# TASK BRIEF
Please retype the entries below exactly, only from their first line through the line containing "cocina con armarios", leaving every picture out.

# DATA FOR PROCESSING

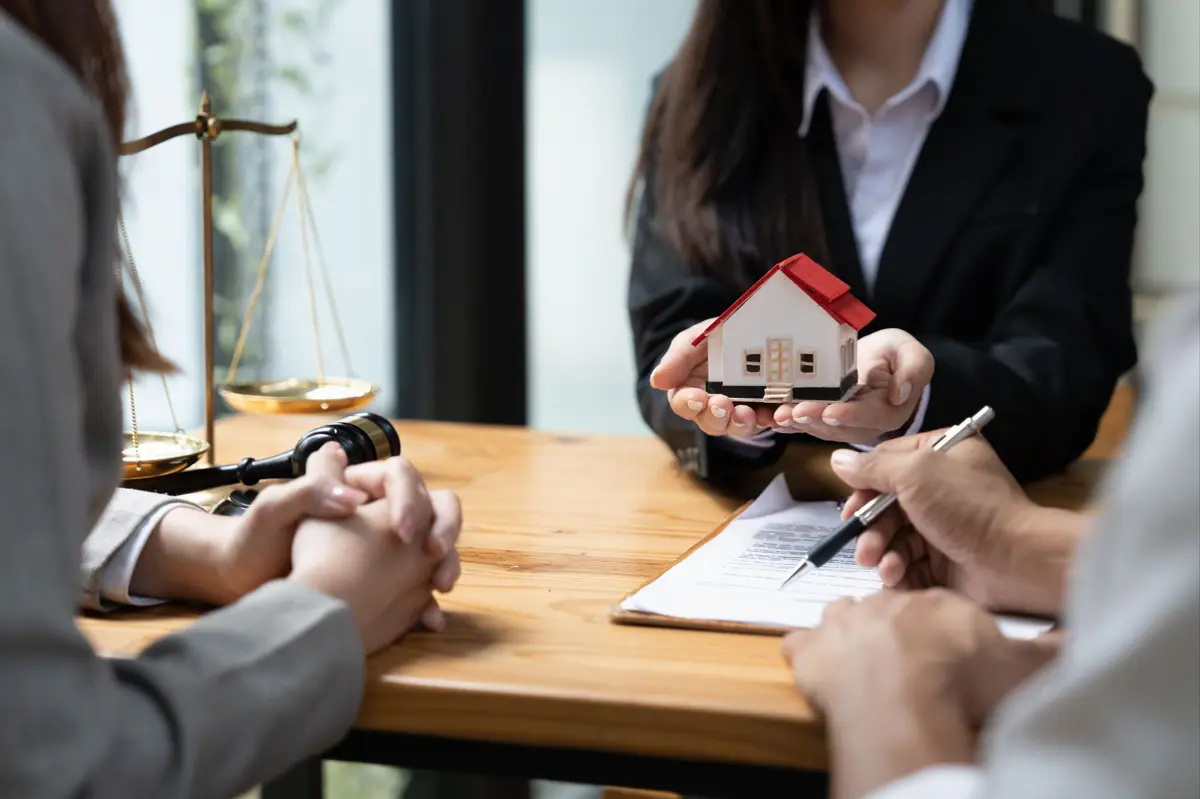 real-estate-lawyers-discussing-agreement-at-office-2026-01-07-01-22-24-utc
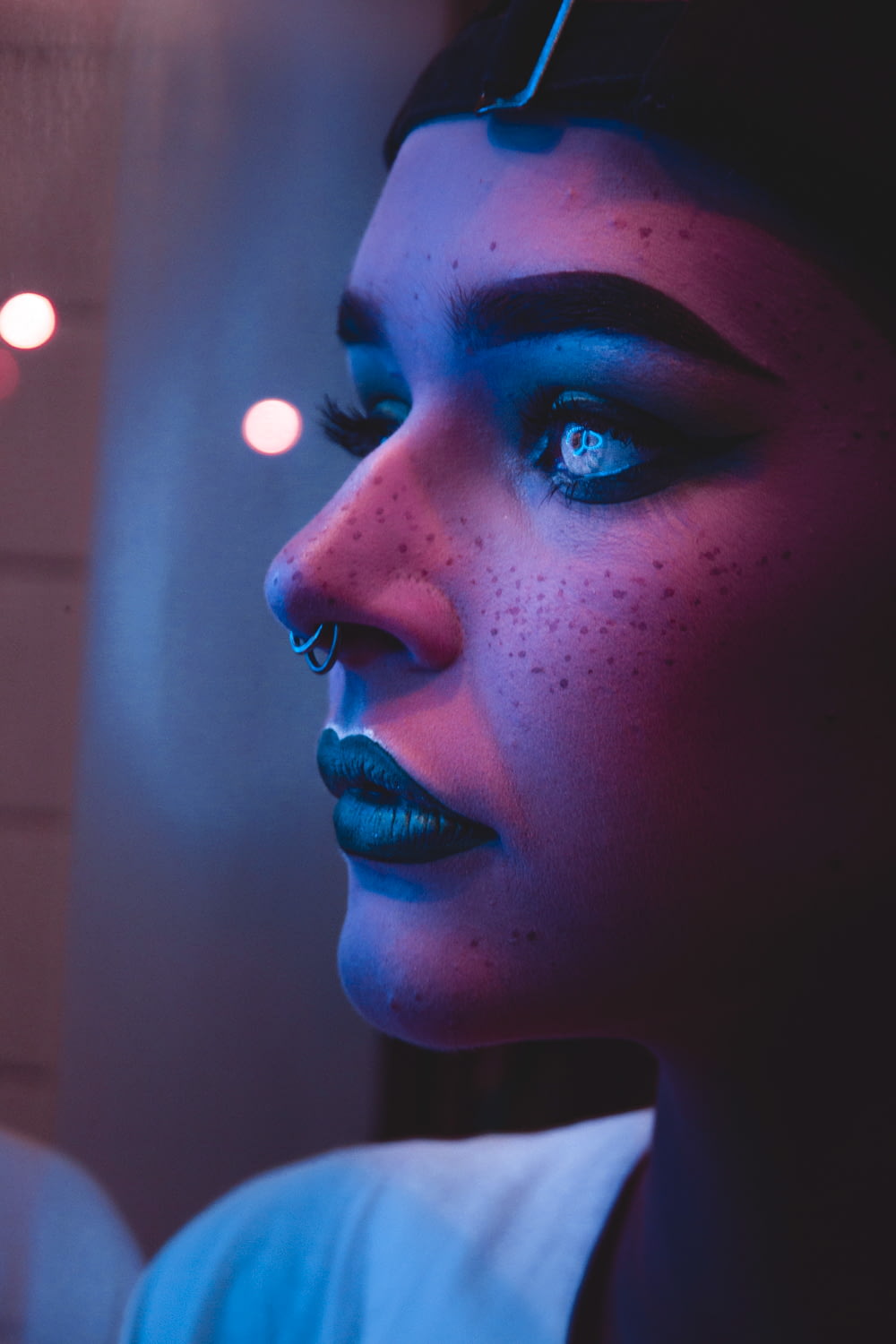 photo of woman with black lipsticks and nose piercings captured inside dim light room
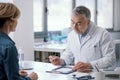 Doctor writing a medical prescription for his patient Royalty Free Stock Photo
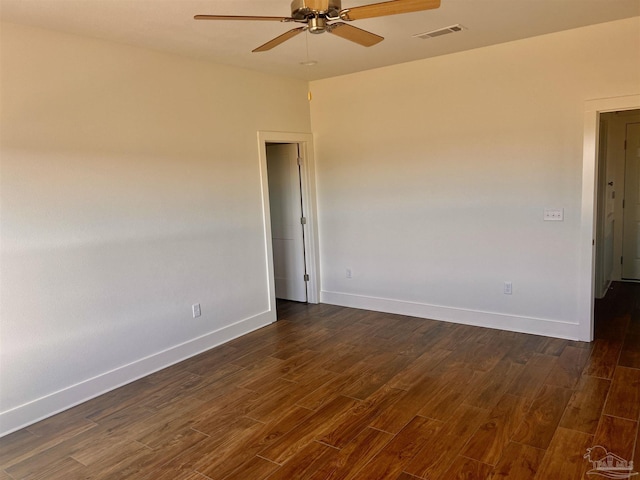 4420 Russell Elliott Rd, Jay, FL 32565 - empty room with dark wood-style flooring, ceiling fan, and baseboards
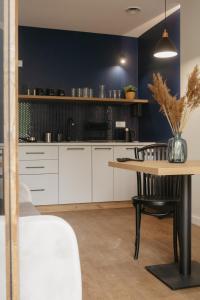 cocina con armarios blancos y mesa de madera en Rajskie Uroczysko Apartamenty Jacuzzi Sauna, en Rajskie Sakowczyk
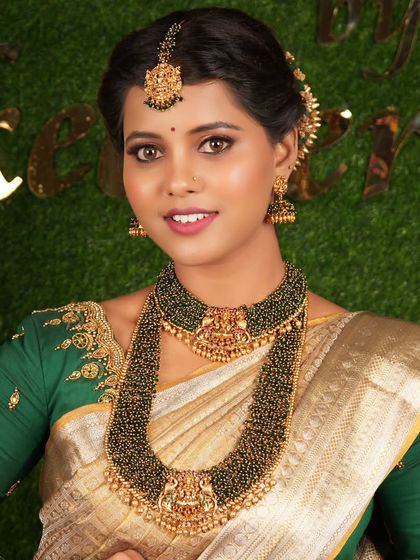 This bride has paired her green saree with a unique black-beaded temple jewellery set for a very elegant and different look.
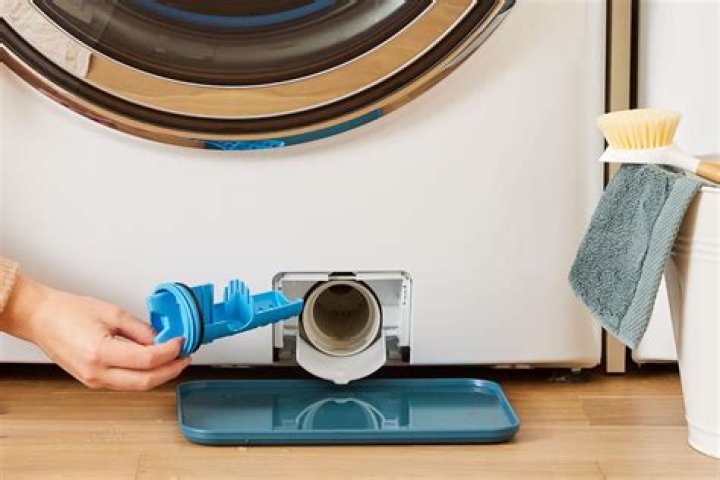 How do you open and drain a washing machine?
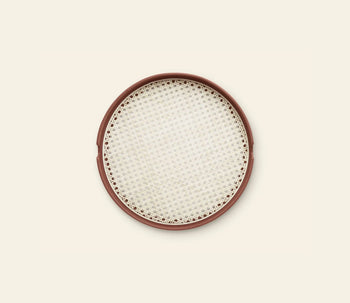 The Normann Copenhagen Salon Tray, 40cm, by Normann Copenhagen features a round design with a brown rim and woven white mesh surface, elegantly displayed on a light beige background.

# WORKED SOLUTION
 real-estate-lawyers-discussing-agreement-at-office-2026-01-07-01-22-24-utc
 photo of woman with black lipsticks and nose piercings captured inside dim light room
 Doctor writing a medical prescription for his patient Royalty Free Stock Photo
 4420 Russell Elliott Rd, Jay, FL 32565 - empty room with dark wood-style flooring, ceiling fan, and baseboards
 cocina con armarios blancos y mesa de madera en Rajskie Uroczysko Apartamenty Jacuzzi Sauna, en Rajskie Sakowczyk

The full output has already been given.